Still, it’s not all sunshine and whatever the Chinese word is for rainbows. Where some thrived, countless other companies have crashed, and not due to a lack of popular demand. In today’s hyper-competitive global economic arena, it’s no longer enough to simply show up.
Overseas expansion has become a coveted business skill, one which requires much more than a general grasp of the developing world. For that reason, it’s important to get closely acquainted with both the pros as well as the various cons of taking your business abroad.
Why do business in emerging markets?
China’s about to surpass the US in purchasing power, Brazil abounds with natural resources, and India’s GDP growth puts most rich-world economies to shame. Here are some of the main reasons to consider the BIRCs (and a few other countries) as your business’ second home.
According to the IMF, the emerging markets are projected to grow 2-3 times as fast as most developed countries. To large multinational corporations, this comes as little surprise. Over the last few years, the major european firms have typically sourced between 60% and 90% of their overall growth from the emerging world.
Overall, the long-term investments in emerging economies have consistently outperformed their western counterparts in the last 15 years. Naturally, this trend is slowly starting to trickle down to various countries outside the established BRIC circle as well. Bottom line – if you want your business to grow faster, start packing your bags.
Putting all eggs in one basket has never been a sound business strategy. It’s Economy 101: if you exclusively cater to a single financial system, you’re more likely to suffer from market volatility. Doing business in the emerging world means protecting your venture in times of high economic uncertainty. Starting to lose money in your native market? Having the company’s overseas branches remain profitable helps effectively offset some of the losses.
The overall performance of emerging markets has been – in great part – divorced from the latest global economic crisis. As noted, this was the exact reason why so many multinationals appeared recession-proof, despite amassing huge losses in the West.

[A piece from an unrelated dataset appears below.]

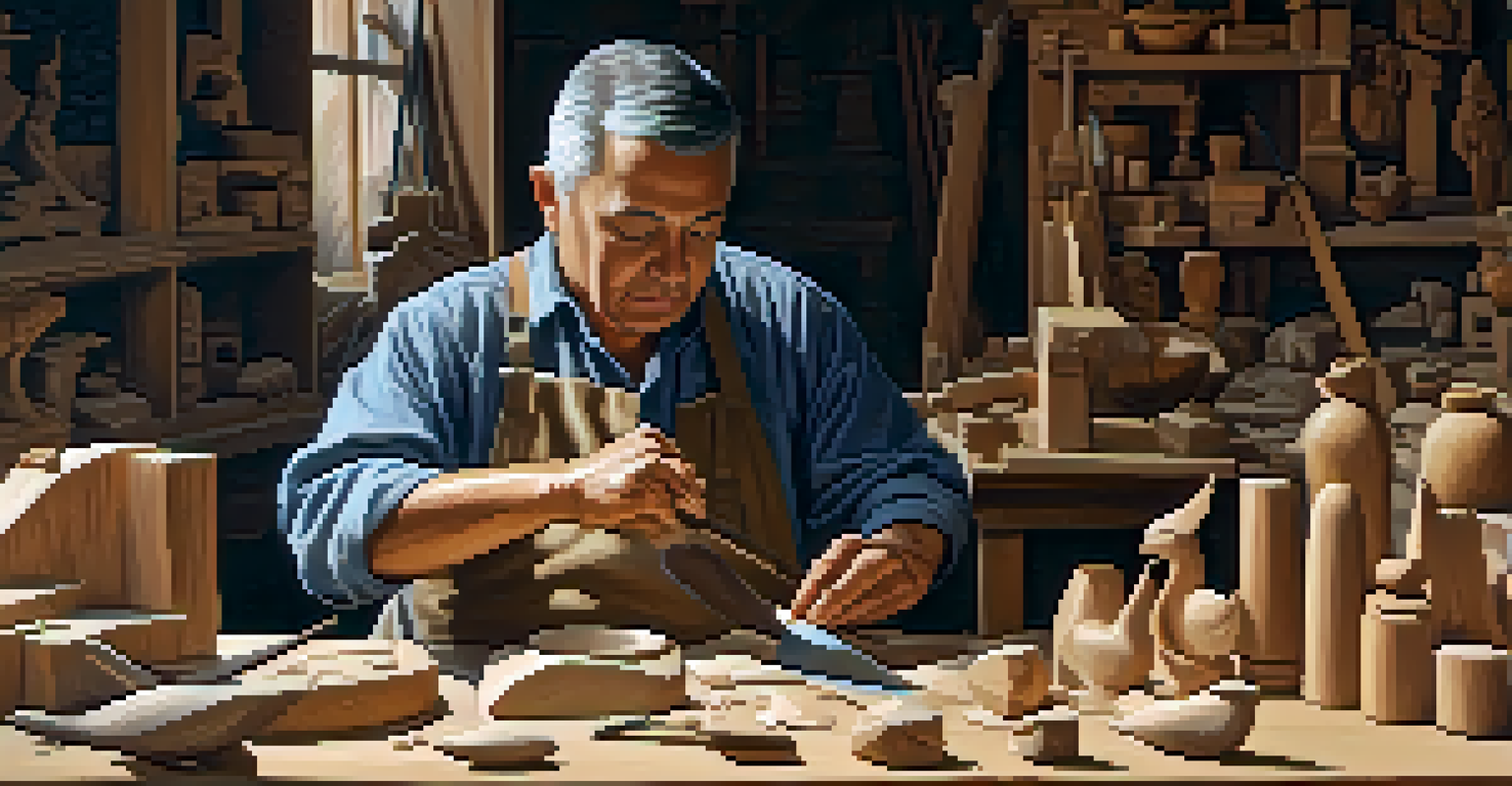 A carver creating a wooden dove, surrounded by tools and wood shavings in a softly lit workshop.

For a Fortune 500 company, opening new markets is instinctive. In the case of startups and small businesses, however, it’s often considered an all-important status symbol. Running an international company that successfully navigates multiple markets does more than establish trust among customers. It’s an irrefutable proof of concept, demonstrating your entrepreneurial moxie to investors and prospective business partners alike.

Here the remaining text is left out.